Last night I went to see an engaging cabaret performance by Donna McKechnie at the Crazy Coqs, adjacent to the Brasserie Zédel, deep underground off Piccadilly Circus. To think that I have done three stage shows at the Piccadilly Theatre and never knew that these spectacular subterranean premises existed. Zédel, once the ballroom of the Regent Palace Hotel, fell into desuetude and was rescued by Christopher Corbin and Jeremy King, who have given London its best restaurants. I overheard a fellow diner ostentatiously demand ‘tap water’, which is the new thing apparently, although London water is only slightly healthier than a splash in the mouth from the Ganges — but isn’t that what we always drank before they invented overpriced and slightly dirtier water in bottles?
A couple of the press notices for the screamingly funny Book of Mormon have primly suggested that it is a childish, or at best an undergraduate effort. These are the same sort of people who like to say that pornography is boring, Los Angeles is ‘fake’ and Woody Allen isn’t the least bit funny (but they liked his early work). Mind you, it’s always impressive to say you like someone’s early work because it implies a comprehensive knowledge of their oeuvre. As a matter of fact, I prefer my own early work, and it is a sign of my maturity and self-knowledge that I believe it to be my best, having gone slowly off over the last 50 years.
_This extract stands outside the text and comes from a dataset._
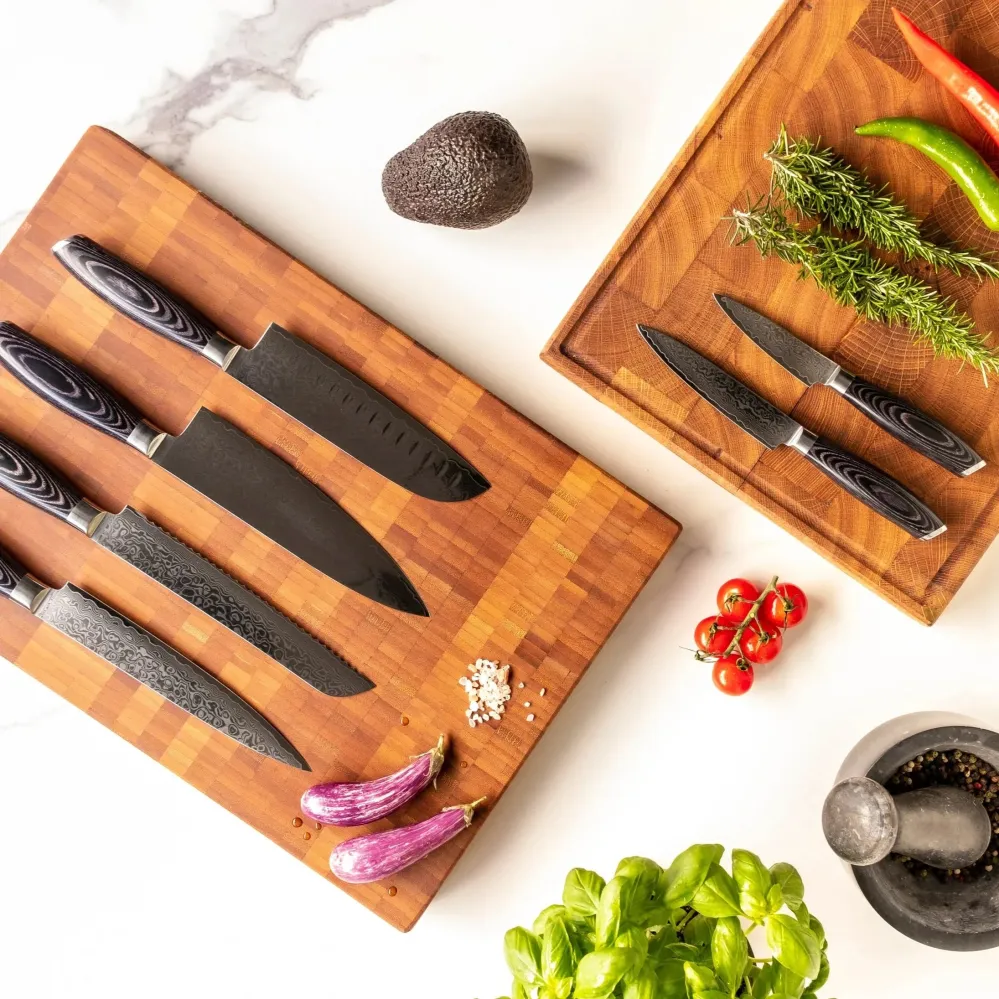 Shinrai Knives - 6-teiliges Messerset aus Damast-Pakkaholz + doppelseitiger magnetischer Messerblock - Schwarz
It’s April, and it must be 25 years since that 20 April when I stayed at a hotel in Hamburg and asked the concierge why the restaurant had been closed to guests. ‘Private party’ was all I got, as I stood in the lobby and watched a sedate throng of elderly, distinguished-looking people in vicuna and Persian lamb filing into the chamber where I had hoped to enjoy lunch. Only when I told my German friends Wolf and Eva about it that evening did they laugh and explain: ‘Don’t you know what day it is? Hitler’s birthday of course!’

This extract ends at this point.